C’est moi ou on ne dort jamais très bien chez les autres ? J’ai passé la nuit à essayer de trouver un angle confortable à mon oreiller. Lorsque je sentais enfin mes paupières s’alourdir, Chewie se mettait à grogner contre des bruits inaudibles à mes oreilles humaines. Ça me fait penser : hier soir, au souper, Star racontait qu’une souris lui avait sauté dans le dos durant la nuit, il y a de cela quelques jours, et ça s'est passé dans la chambre en face de la mienne. C’est probablement à cause de cette histoire d'horreur que je n’ai pas fermé l’œil. Je remonte la couverture encore plus haut sur mon menton pour cacher la chair de poule qui recouvre l’entièreté de mon corps. Chewie grogne une fois de plus ; ça y est, c’est la fin. Je vais me faire grignoter le bout des orteils après que mon visage ait servit de trampoline pour rongeur.


Le son le plus mélodieux de l’univers résonnant de la cuisine me sort enfin de ma rêverie. Abandonnant l’idée de me laisser dévorer toute crue, j’enfile mes vêtements en vitesse et quitte la chambre, non sans un regard sous le lit à la recherche de l’ennemie jurée de la maisonnée. Chewie descend - déboule, plutôt - les escaliers, heureux d’aller retrouver nos hôtes.

-       Bon matin ! 

-       Coucou.

J’adore la copine de mon père ! Faut-il absolument abhorrer instinctivement le remplacement maternel ? Je m’en fiche. Je la trouve adorable.

-       Qu’est-ce que tu veux boire ce matin ? Un smoothie, un verre de lait, un jus, un café ?

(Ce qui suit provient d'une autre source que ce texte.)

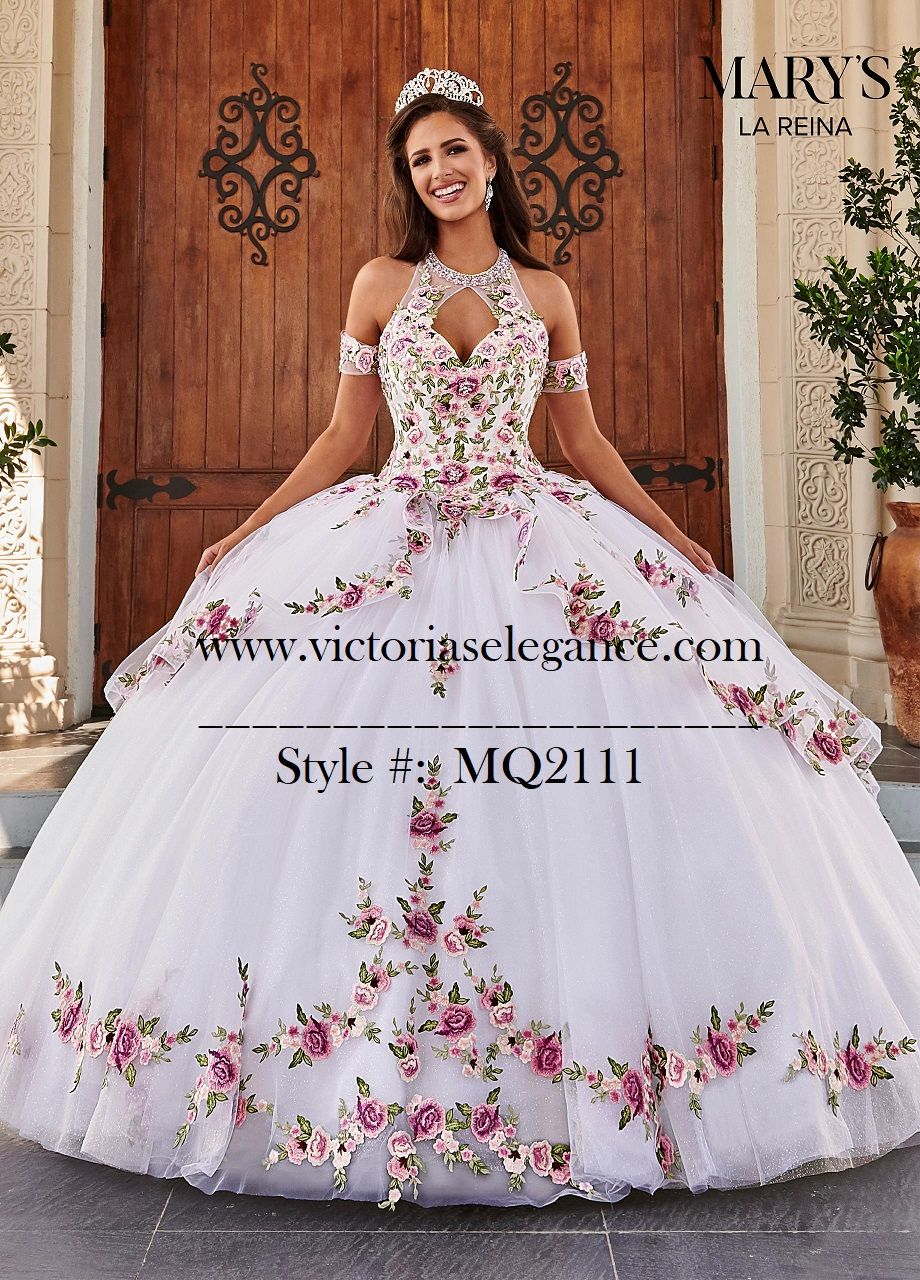 Mary's Whimsical Floral Embroidery Halter Ball Gow Mary's Whimsical Floral Embroidery Halter Ball Gow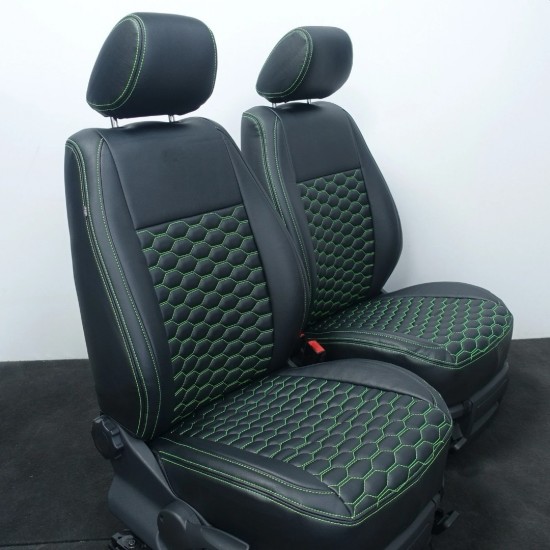 Stoelhoezen Hexagon Zwart Groen - Volkswagen Caddy MK4
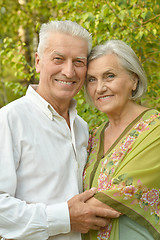 Image showing mature couple   in summer park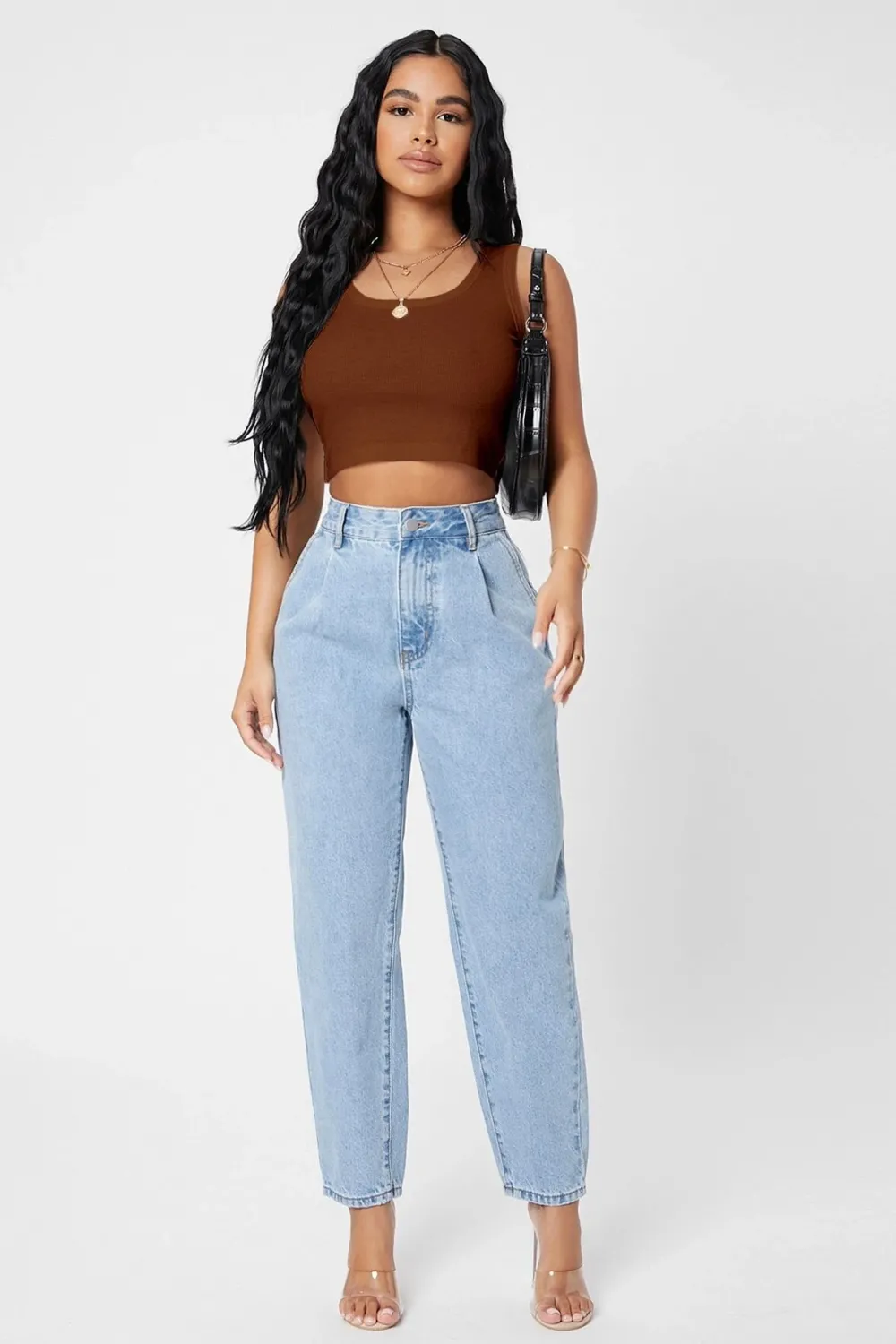 ieg™ Kadın Kahverengi Kare Yaka Crop Top Bluz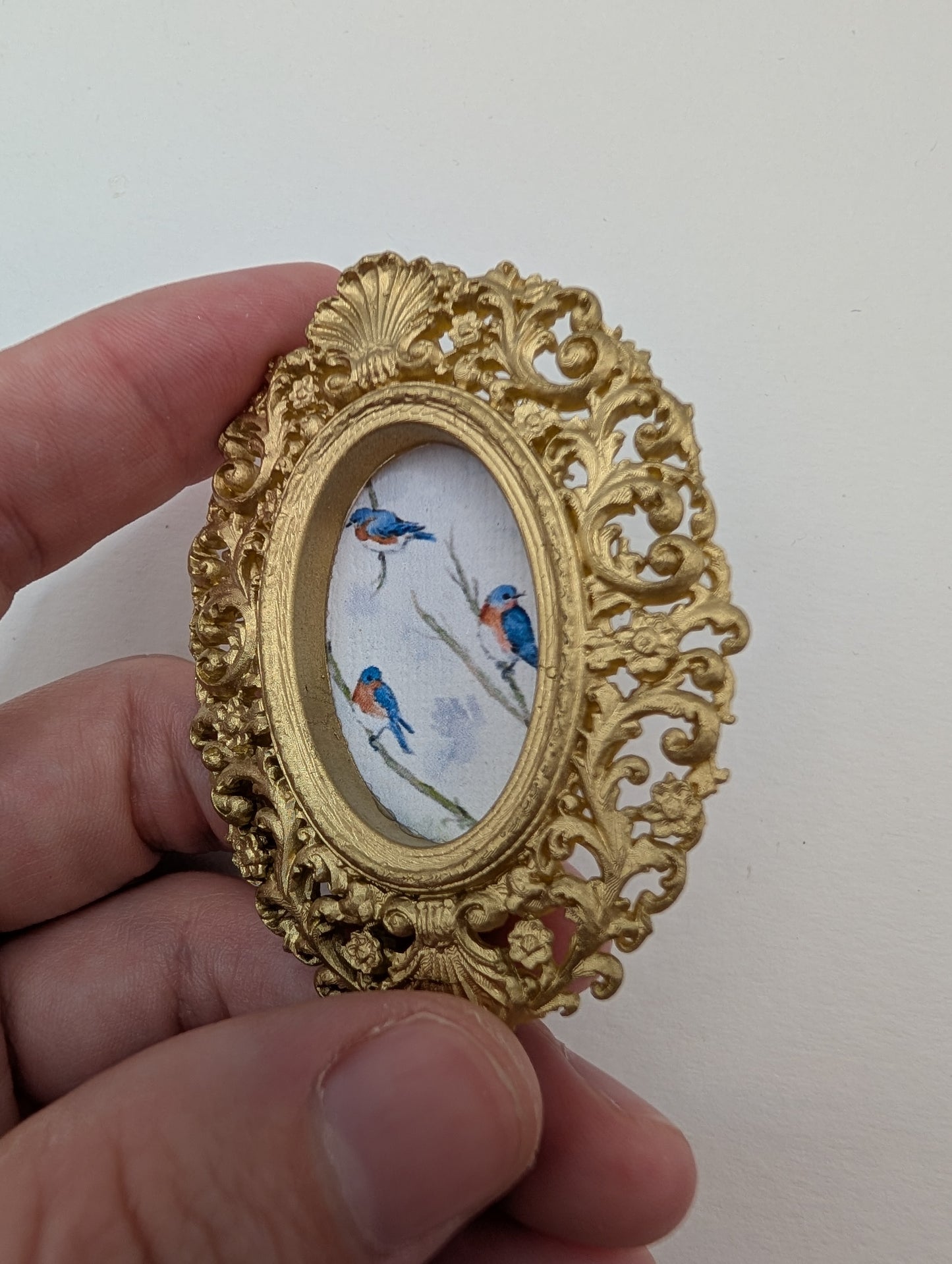 Tiny Bluebirds in Tree Watercolor Art Print - Dollhouse Size - With Gold Frame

Pour un réveil comme celui-là, j’accepterais de dormir en cuillère avec une souris pendant une semaine. Peut-être même plus. Star rit devant mon sourire rêveur et mes yeux dans la graisse de bines ; mon regard figé sur le moulin à café lui donne sa réponse. Elle me sourit, puis se penche pour faire sentir à mon chien ce qu’elle tient entre ses mains. Elle s’adresse à lui comme à un bébé :

-       C’est du ca-fé.

Star sort ensuite d’une armoire une cafetière grise, plus haute que large, à la base octogonale et la place sur l’un des ronds du four. C’est beaucoup plus charmant de moudre soi-même son café et ensuite le chauffer sur le poêle que d’insérer une dosette dans une machine Keurig. Il paraît aussi que le goût est mille fois meilleur dans une cafetière italienne. 


Star tend la tasse à mon être endormi et mes pupilles se dilatent. L’odeur envahie mes narines et circule jusqu’à mon cerveau en veilleuse, suppliant mes mains d’approcher au plus sacrant le liquide fumant à mes lèvres. Cette odeur me rassure. Elle me rappelle mon enfance et de vagues souvenirs de parfum d’homme mêlé à celui de la cigarette. Chaque gorgée me rappelle les millions que j’ai prises jadis, mais chacune semble être la première depuis une éternité. Le pire dans tout ça, c’est que je finis toujours par boire mon café froid, puisque j’essaie de le siroter le plus longtemps possible. Pas ce matin : j’avale à grandes goulées le meilleur café de ma vie.